KYEA: Educating, mentoring, and supporting youth with disabilities in KS
Kansas Youth Empowerment Academy Newsletter
Issue #53
September 2020
Welcome to our September newsletter! Does it look at little different? We have upgraded our look, and are actually pretty happy with the outcome! Change can be a good thing! We talked about this in our last issue and it is coming up again in this issue... change can make us think and it can oftentimes make things better. This issue is all about making change for the better. Racial injustice and inequality are a huge problem in our country and have been for a long time. We just couldn't ignore this fact, so, we have dedicated this issue to these topics. Our purpose is not to take sides or make this into a political issue (see disclaimer below). We see this as a social justice issue. Our hope is to present the experiences of people in our country, especially youth, and help encourage equality among EVERYONE. So, read on, and be open to learning!
Chalk drawing that says Together We Will Change the World
The backs of a group of 8 people of different races with their arms around each others shoulders
Kansas Youth Empowerment Academy logo


While the current COVID pandemic has presented some challenges to the way that we do things at KYEA, we are still very busy and still very much serving youth with disabilities in our state! We have multiple things going on. Check out our recent news below!
KSYLF 20 Year Reunion logo with Nothing Can Stop Us- Celebrating 20 Years of Building Leaders
The KSYLF 20-Year Online Reunion is coming! Registration Going Live Soon

We have received so many questions about the upcoming KS Youth Leadership Forum 20-Year Reunion... you guys are excited and so are we! We have been working on details and have updates for you. The 20-Year Reunion will be completely online and will be held on the weekends of September 26-27 and October 10-11. In order to attend, alumni just have to register, and we ask that you provide a $10 donation.

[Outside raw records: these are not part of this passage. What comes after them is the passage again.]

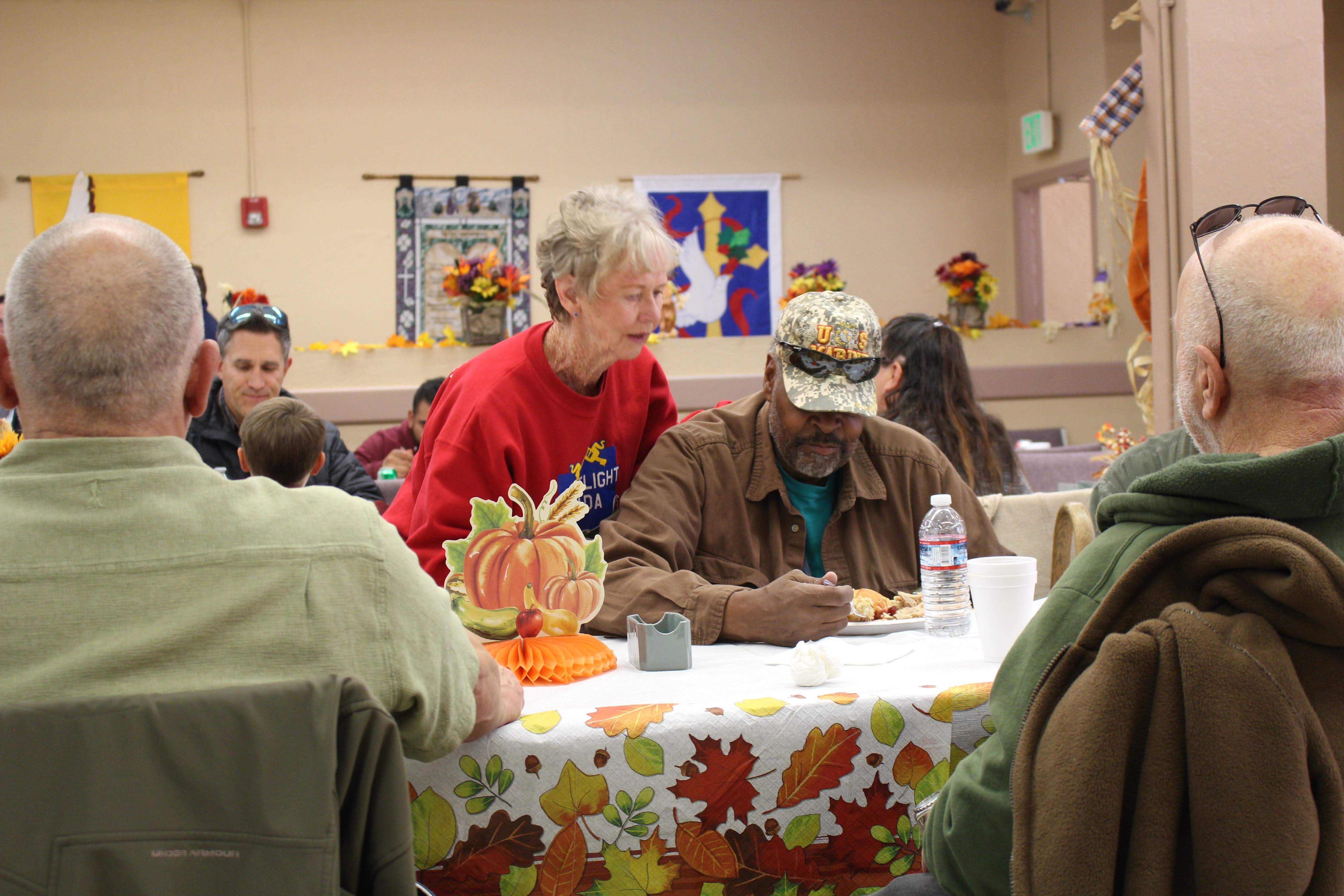 Volunteer talks with veteran at Thanksgiving meal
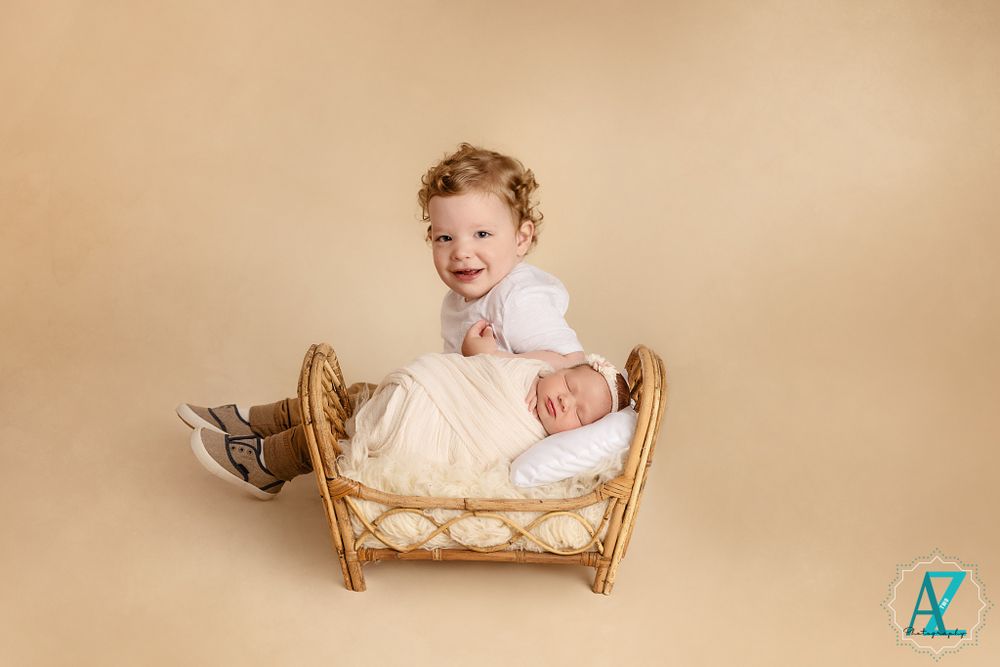 A heartwarming sibling moment captured beside a decorative wicker bed on neutral backdrop.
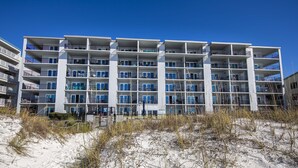 Un hôtel à plusieurs étages doté de balcons, situé près d’une plage de sable.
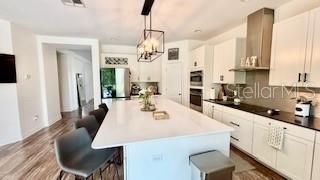 Chandelier, Dining room, Interior, Kitchen, Pendant Lights, Recessed Lighting, Stainless Steel Appliances, Wood Texture Flooring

The theme for the reunion is "Nothing Can Stop Us! Celebrating 20 Years of Building Leaders." This reunion is a chance to celebrate the past 20 years of the KSYLF! Catch up with delegates from your year and meet other alumni from across the state. This is not just about reminiscing, though. We will have informational speakers and sessions on two topics: RELATIONSHIPS and INDEPENDENT LIVING. This is not a repeat of the KSYLF... this reunion is about gaining the tools to enhance the life that you’ve been building!

We are finishing up the online registration form right now, so it will go live next week. We will send out an email with the link and will also post on the KSYLF Alumni Facebook Page. So, be on the lookout for more details very soon! Get excited!!!
A view of the front of the KYEA office with empty walls. It says Help us fill these walls.
Seeking Youth and Alumni Artwork for KYEA Office! Help Us Decorate!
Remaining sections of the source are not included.